Patients with chronic, asymptomatic hydrocephalus can be observed clinically, and surgical intervention can be offered if the hydrocephalus worsens or if the patient deteriorates despite medical therapy. These patients must be watched closely, however, because abrupt, life-threatening deterioration can occur. In patients who respond to medical therapy, improvement in CSF flow can occur over time.72
Conclusion
The long-term course of NS has not been clearly defined. Approximately two thirds of patients have a monophasic illness, and the others have either a relapsing-remitting course or progressive disease.72 As many as 10% of NS patients die as a result of the inflammatory disease process or its treatment. These patients typically have CNS parenchymal disease or hydrocephalus. Prompt diagnosis of NS can lead to earlier treatment, and this may improve the outcome.
Tuberculosis
Tuberculosis (TB), a worldwide disease, experienced a resurgence in the United States in the early 1990s, largely related to the human immunodeficiency virus (HIV) epidemic, immigration from countries endemic for TB, transmission of TB in settings such as hospitals and prisons, and the development of multidrug-resistant strains of TB. TB is primarily a disease of the lungs, but extrapulmonary involvement is common. CNS involvement is reported in as many as 10% of immunocompetent patients with TB.73 CNS TB is a defining condition of acquired immunodeficiency syndrome (AIDS), and both TB and CNS involvement are more prevalent in the HIV-infected population.74 CNS involvement can take the form of tuberculous meningitis, intracranial and spinal cord tuberculomas, abscesses, and Pott’s disease. Here, the focus is primarily on neurosurgical management of CNS tuberculomas and abscesses.
Pathogenesis
CNS TB is almost entirely due to infection with Mycobacterium tuberculosis. The bacterium is transmitted by inhalation of aerosolized droplets, and as few as 1 to 10 organisms are sufficient to cause infection. As the bacteria multiply in alveoli and macrophages, a cell-mediated immune response ensues and generates a granulomatous reaction characterized by a tubercle and caseating necrosis. If the infection is not contained, bacteria can spread hematogenously to distant sites such as the CNS. The inciting CNS tubercle is called a Rich focus.75 The location of tuberculous lesions in the brain is related to the pattern of blood flow, and lesions generally involve the corticomedullary junction and periventricular regions. They usually occur in the cerebral hemispheres and basal ganglia in adults and in the cerebellar hemispheres in children; brainstem and spinal lesions are rare.76 Tubercles that rupture into the subarachnoid space cause tuberculous meningitis, whereas deep-seated tubercles cause tuberculomas or abscesses. The immune reaction around a tuberculous focus can also cause vascular inflammation, vasculitis, and edema. Vasculitis can lead to ischemia, as well as poor delivery of drug to affected areas. Furthermore, hydrocephalus is common in CNS TB, especially in children.

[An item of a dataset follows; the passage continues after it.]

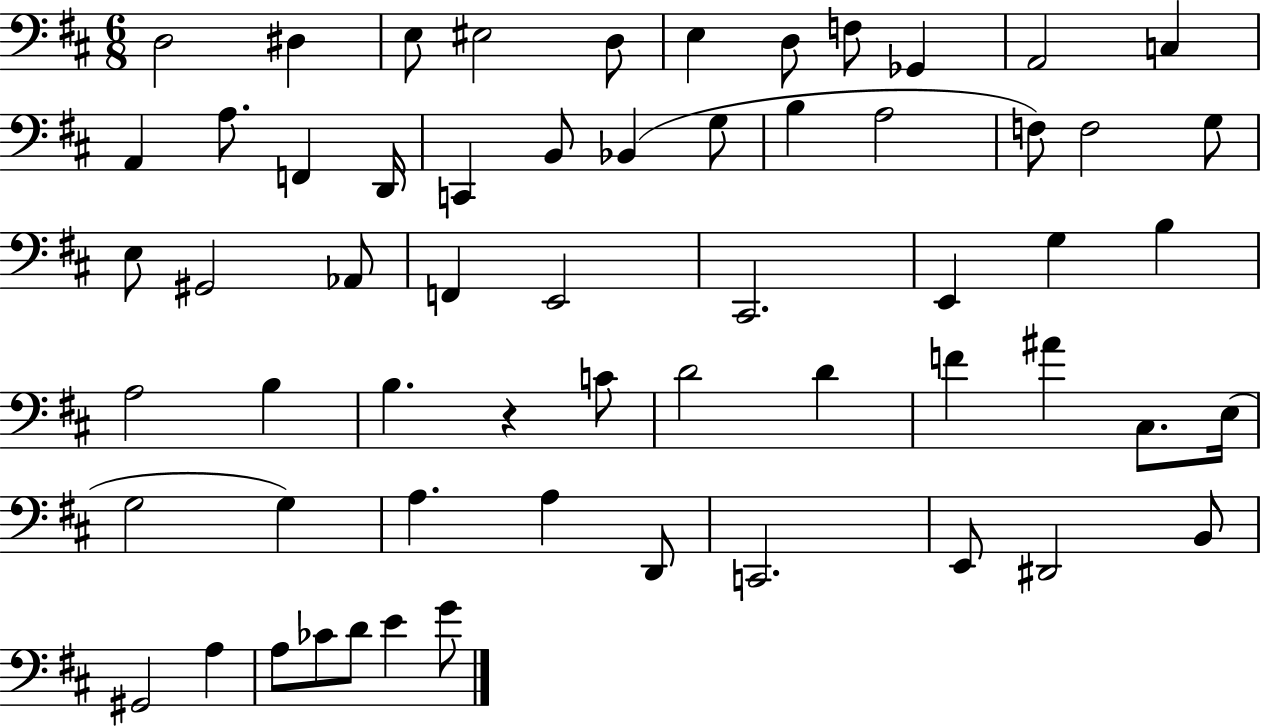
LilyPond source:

Tuberculomas are usually solitary lesions.77 They are composed of a necrotic caseous center surrounded by a capsule consisting of fibroblasts, epithelioid cells, Langhans giant cells, and lymphocytes. This composition gives tuberculomas a firmness that is different from pyogenic abscesses or malignant gliomas. Calcification can occur in a concentric ring at the margins of the caseous core, as well as at the center of the core, and result in a target sign on CT. Supratentorial tuberculomas are commonly deep, but they can be dural based and mimic meningiomas.78–80 Additionally, cerebellar tuberculomas are frequently in contact with the pia, which makes them difficult to remove without contamination of the subarachnoid space.81
When the caseous core of a tuberculoma liquefies, a tuberculous abscess results. Tuberculous abscesses are usually larger and produce more edema than tuberculomas do. In contrast to tuberculomas, which may not consistently produce positive TB cultures, the liquefied core of an abscess usually contains an odorless, green purulence teeming with acid-fast bacilli. Additionally, abscess walls generally have less granulomatous reaction, although this finding is variable.82 These features give tuberculous abscesses an appearance similar to pyogenic abscesses on imaging studies.
Clinical Features
Because tuberculomas usually represent reactivation of a latent tuberculous focus, patients generally do not have active TB symptoms when initially seen. For instance, fever was reported in only 1 of 18 patients with tuberculomas.81 Another report found that just 7 of 12 patients with tuberculomas had signs of extracranial TB at initial evaluation.83 Tuberculous meningitis has been reported to appear simultaneously with tuberculomas in 3% of cases.84 Most commonly, tuberculomas appear as space-occupying lesions in the CNS. Because they are distributed hematogenously, they can occur anywhere and thus have a spectrum of clinical characteristics mimicking brain tumors. Seizures are one of the most common symptoms and occur in up to 85% of patients.81,83,84 Signs and symptoms related to elevated intracranial pressure are common. Symptoms of focal mass lesions occur in about 70% of patients with supratentorial and cerebellar lesions and in 100% of patients with brainstem lesions.84 Tuberculomas have been unexpected findings during surgery for cerebral gliomas, acoustic schwannomas, cavernous sinus meningiomas, and pituitary adenomas.85 Tuberculous abscesses usually have a more accelerated time course and are commonly associated with fever, headache, and focal neurological signs.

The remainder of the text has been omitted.